Dr Theodosiou says many girls are not diagnosed because ADHD does not manifest in the same way as it does with boys.
‘With boys often the hyperactivity will stand out, but with girls it is often talkativeness or inattention such as “being a daydreamer”.’
The trouble is that, if not diagnosed, people can find their symptoms later impact their adult life.
‘We are seeing more adults coming forward realising they may have ADHD,’ she says. ‘Some even come with their children and say “she or he is just like I was” before realising they too had the same symptoms as a child, but were never diagnosed.’
Dr Theodosiou says that one of the biggest benefits of getting a proper diagnosis of ADHD is that the ‘child or young person and their family know why they struggle with their attention, concentration and activity levels.’
She adds: ‘They can share this knowledge with schools and the wider social setting to ensure children are understood.’
She says that, although medication is useful, education is just as important: ‘NICE recommends that unless symptoms of ADHD are moderate to severe, children should be treated initially through parent education and healthcare working with the education system to ensure that teachers understand ADHD.
‘Even when symptoms of ADHD require medication, we would always recommend education for parents and teachers.’
Edited by Julie Cook
Signs of ADHD
• Not concentrating in class
• Patterns of impulsive behaviour
• Losing things many times, eg four coats in one winter
• Winding up younger siblings
• Not sitting still
• Being excluded by peers
• Accidents and lack of road safety
It took seven years to diagnose
I knew my son Oliver was different when he was a toddler. He had terrible tantrums. He was hyper, unable to sit still and hated noise like hand dryers.
If I ever spoke to people about Oliver they’d say: ‘Ah, he’s just a boy.’
But I knew it was more than that.
When he started school I felt sure a teacher or a member of the SENCO staff would notice, but no one said anything. By age seven he was worse. We had to leave the cinema halfway through because Oliver couldn’t focus. His tantrums became more extreme.
I spoke to his teacher. She said she’d not noticed anything different. I even approached the SENCO worker, but she told me he just had ‘Year Two boys syndrome’.
I had another child and soon realised Oliver was very different to my second. I wondered if we’d ever find out what was wrong.
Then finally, at the end of Year Three, his teacher said: ‘I can now see what you mean.’
Oliver was referred to a paediatrician. He was diagnosed with ADHD and given medication — seven years after I’d first raised concerns.
It took time to get his medication right but, once we did, he was able to focus on his school work and the tantrums stopped.
I am so glad Oliver finally got diagnosed. It’s changed our lives.

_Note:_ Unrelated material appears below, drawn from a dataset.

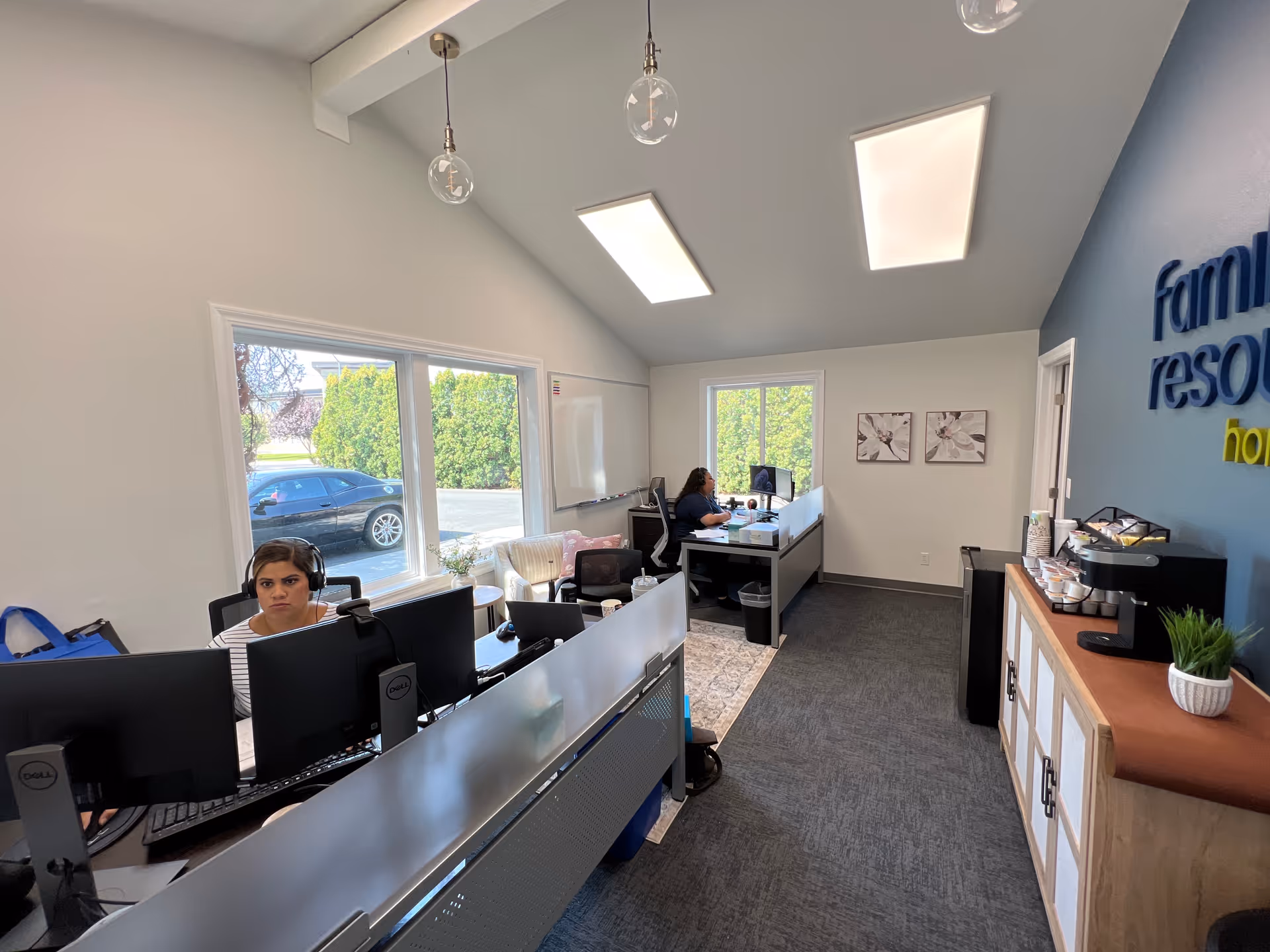 Interior office reception with staff at computers, windows, and a branded blue wall.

From Anna Jones, 35, of Chelmsford, Essex
‘Girls can’t get ADHD’
From an early age, my daughter Callie was defiant. She never napped and had bad tantrums.

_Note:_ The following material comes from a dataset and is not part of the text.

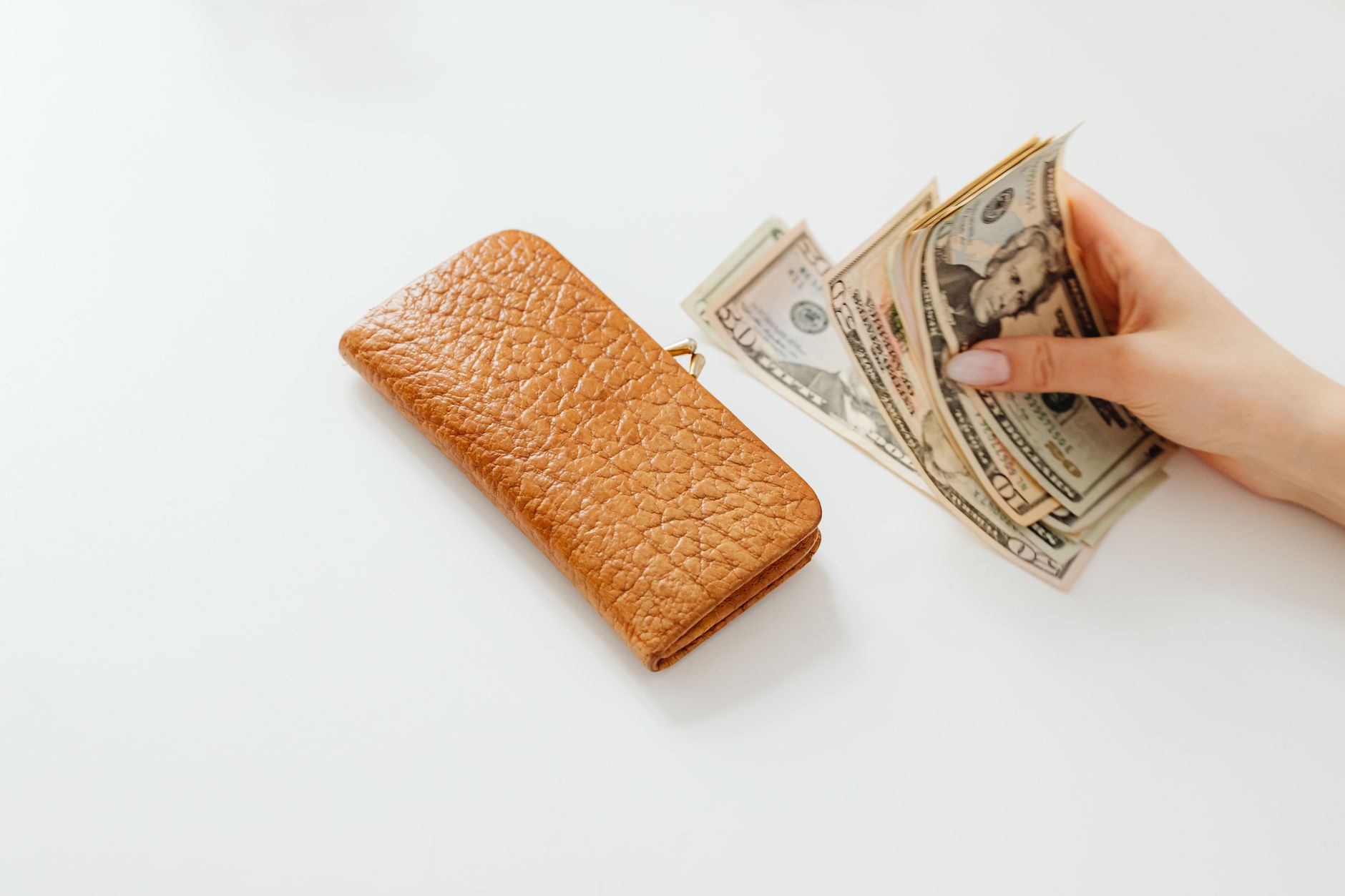Wallet with cash and cards representing household costs affected by credit card fee rules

People told me: ‘It’s the terrible twos.’
The health visitor and GP said she was ‘badly behaved’.
When she started school, she was disruptive.
I worried Callie had ADHD but her teacher said: ‘Girls don’t get it. She’s just naughty.’
Finally, when Callie was nine the school put me in touch with a home support worker who told me about ADDUP — a support and action group for families of children with ADHD.
I took Callie there and immediately a support worker said: ‘I think Callie has ADHD.’
I saw the GP and Callie was referred to a paediatrician. But he refused to diagnose Callie and sent us home.
I got a second paediatrician referral. Thankfully, this one diagnosed Callie with ADHD — more than eight years after I’d first noticed problems.
Now Callie is 11 but we still haven’t been given medication and she still has tantrums.
My husband and I separated due to the stress.
I hope more people become aware that ADHD can affect anyone. I can’t thank ADDUP enough for their support.